WHAT YOU NEED TO DO: Return all the lines below exactly as written. Drop every picture.

GIVEN INFORMATION:
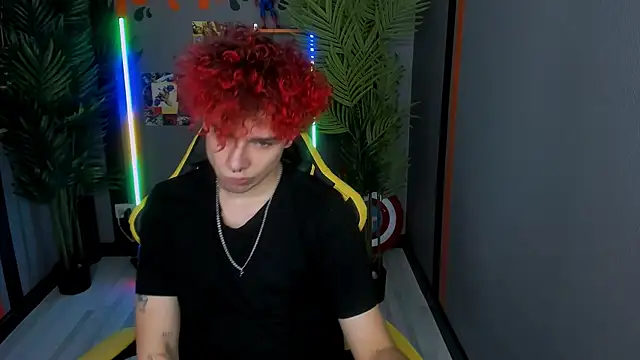 Blaiz Vok online show from November 2025 08:46:02 PM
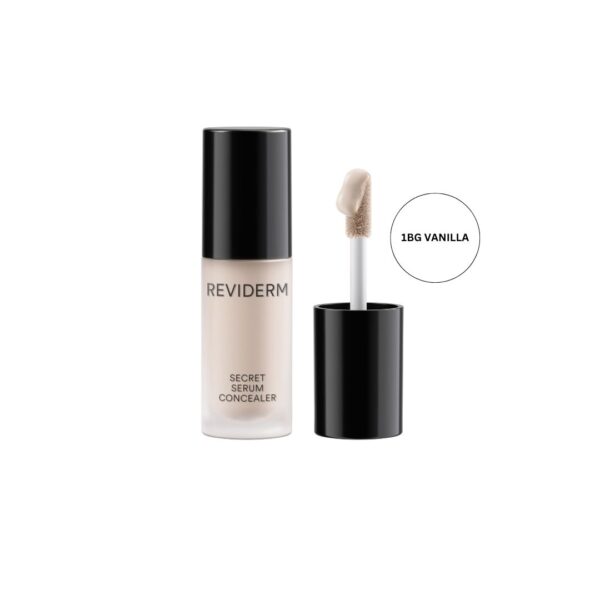 REVIDERM SECRET SERUM CONCEALER - maskuoklis, 6 ml - MASKUOKLIS IŠ REVIDERM - TIK €39! Apsipirk dabar GROŽIO ALCHEMIJA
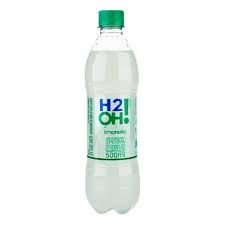 H2O LIMAO 500ML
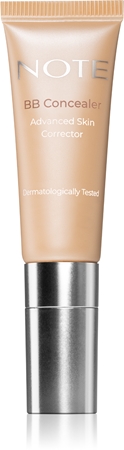 Note Cosmetique BB Advanced Skin Corrector dolgoobstojni korektor SPF 15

RESPONSE:
 Blaiz Vok online show from November 2025 08:46:02 PM
 REVIDERM SECRET SERUM CONCEALER - maskuoklis, 6 ml - MASKUOKLIS IŠ REVIDERM - TIK €39! Apsipirk dabar GROŽIO ALCHEMIJA
 H2O LIMAO 500ML
 Note Cosmetique BB Advanced Skin Corrector dolgoobstojni korektor SPF 15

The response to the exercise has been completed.